Henoch Schonlein Purpura (HSP) is the most common vasculitides that mainly happen in children with incident of 70 cases per 100000 children a year in Asia. The clinical manifestation of HSP is purpura or petechiae, abdominal pain, joint pain, and renal involvement. Here is reported a case about the underdiagnosis in a HSP patient presented with abdominal pain and vomiting with blood spot and late appearance of purpura.
A 12-year-old girl visited children clinic in RSUD Bajawa with the chief complaints of red rash and pain in her lower limbs. Five weeks before, she came to the hospital with the symptom of abdominal pain and vomiting with blood spots, but the abdominal ultrasonography, blood, and urinalysis results came out normal. She was admitted for abdominal pain observation and was discharged after five days of care.
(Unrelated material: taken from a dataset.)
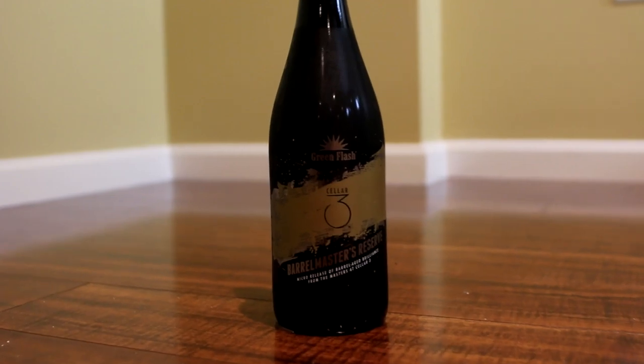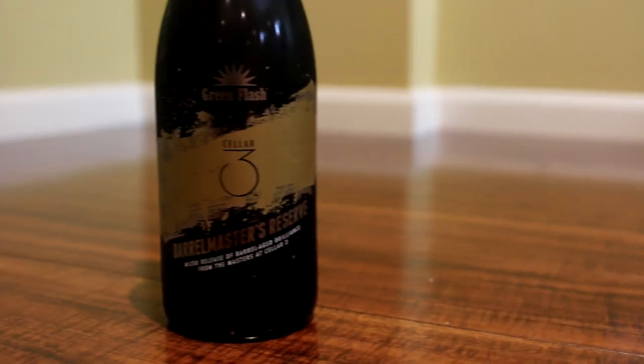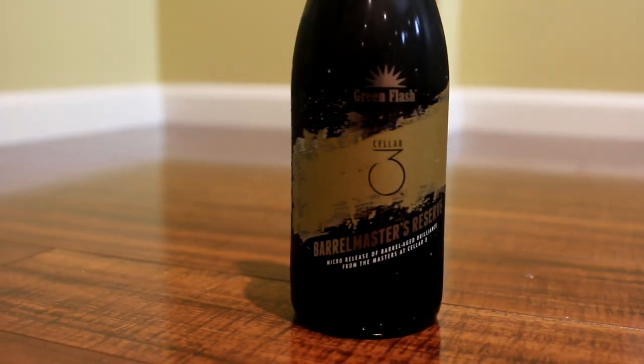Hey guys, what's up? Chris here from BeerGeekNation.com. Today we are looking at a very special beer, a very, very limited beer, so I apologize for that. Only 600 bottles of this beer were produced from Green Flash, part of their Cellar 3. This is Lustrous Frimento with coffee.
On physical examination, the vital signs were within normal limit. There were erythematous, nonpruritic, palpable purpura with diameter of 1-5 mm in the lower extremities up to the buttock. In the fourth day of care, the purpura progressed from to the both arms and face despite not as many as at the lower limbs. There was pain at the lower limbs which was exaggerated by movement. Other examinations were within normal limit. The laboratory tests showed normal blood and urinalysis results.
Patient then diagnosed with HSP and treated with intravenous (IV) fluid resuscitation, IV ranitidine, and oral ibuprofen. After twelve days, the pain in the limbs and the purpura was alleviated and the patient was discharged.
Palpable purpura is seen as the presenting sign in most of HSP cases. Meanwhile in this case, abdominal pain preceding skin manifestation by five weeks. Thus, in children with gastrointestinal complaint, HSP may be considered.